## BRIEF
What is needed is an exact copy of the lines from the line holding "Used 2025 Chevrolet" through the end of the material, with no other lines and no pictures.

## EXERCISE INPUTS

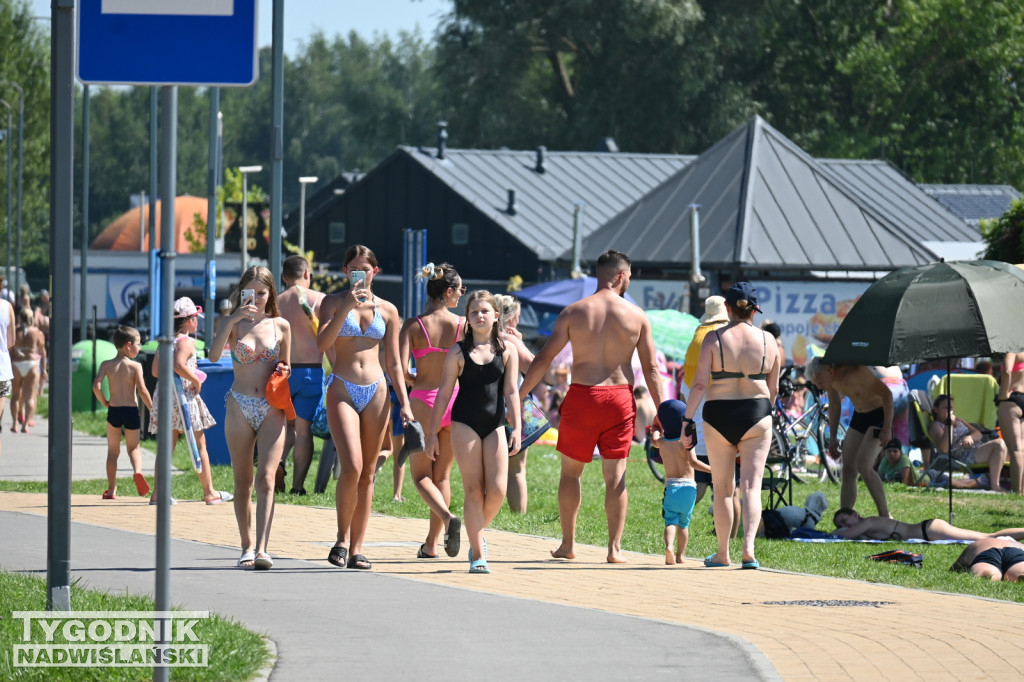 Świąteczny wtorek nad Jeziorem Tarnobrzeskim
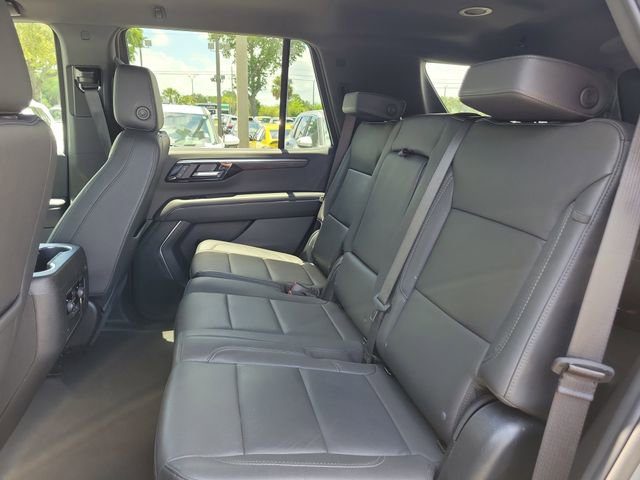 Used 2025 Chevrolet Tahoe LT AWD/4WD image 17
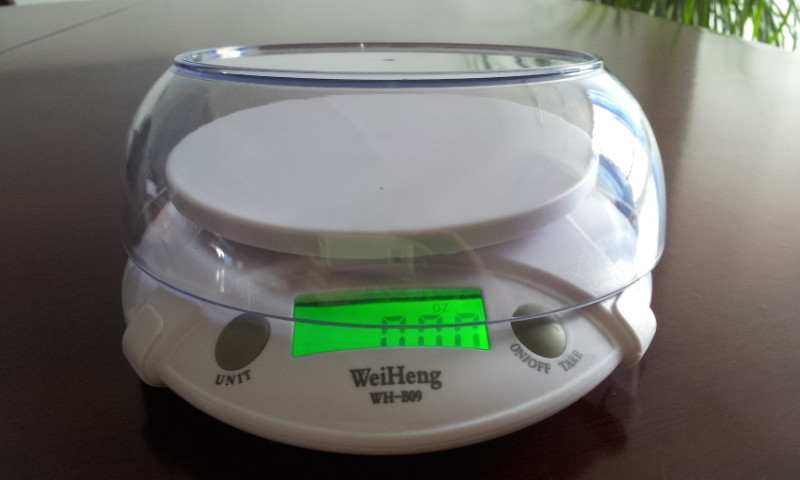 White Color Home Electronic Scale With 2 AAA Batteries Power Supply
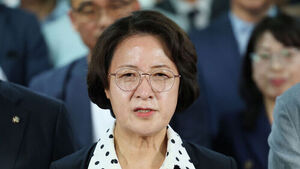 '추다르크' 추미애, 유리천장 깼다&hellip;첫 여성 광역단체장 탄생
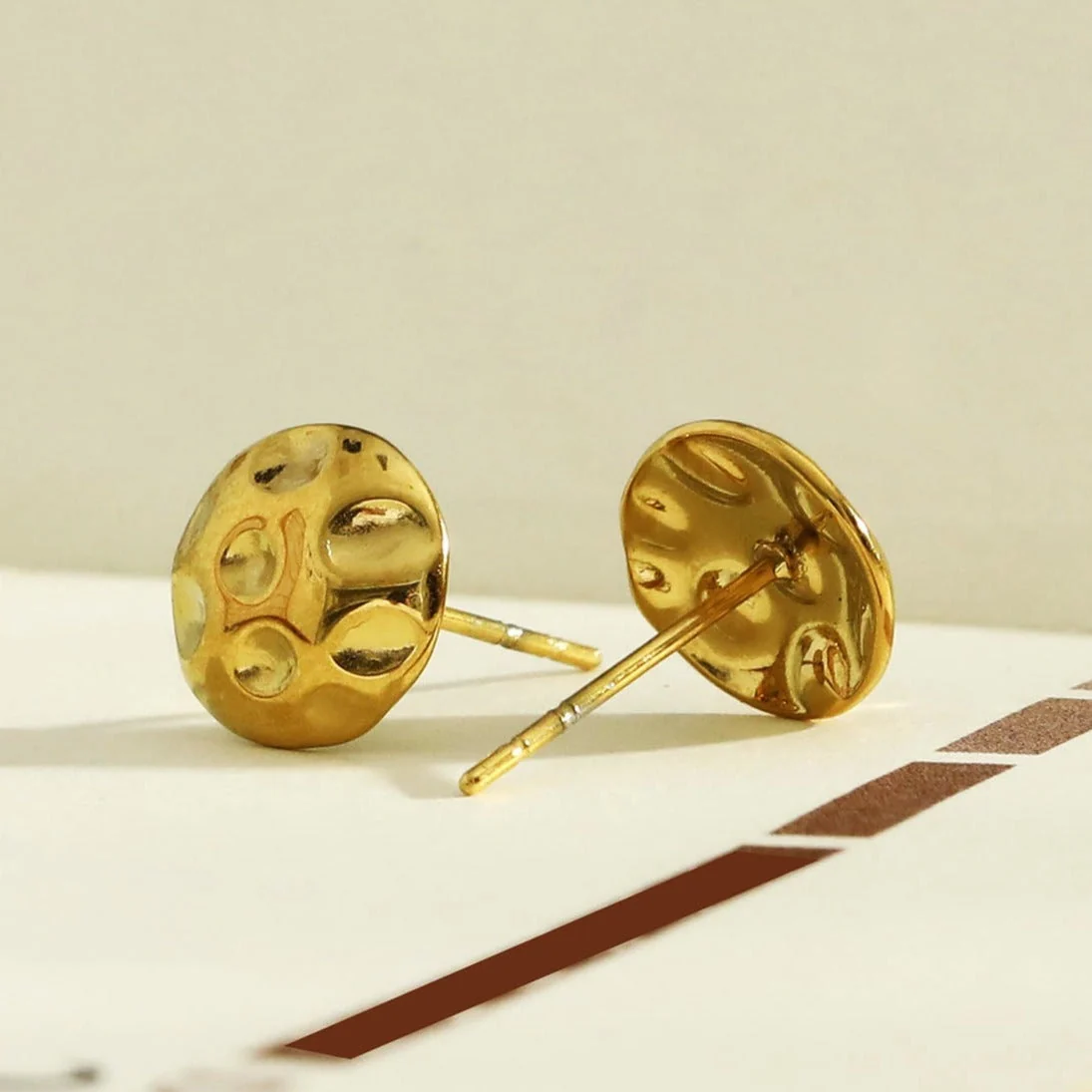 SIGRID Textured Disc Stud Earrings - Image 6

## OUTPUT BELOW
 Used 2025 Chevrolet Tahoe LT AWD/4WD image 17
 White Color Home Electronic Scale With 2 AAA Batteries Power Supply
 '추다르크' 추미애, 유리천장 깼다&hellip;첫 여성 광역단체장 탄생
 SIGRID Textured Disc Stud Earrings - Image 6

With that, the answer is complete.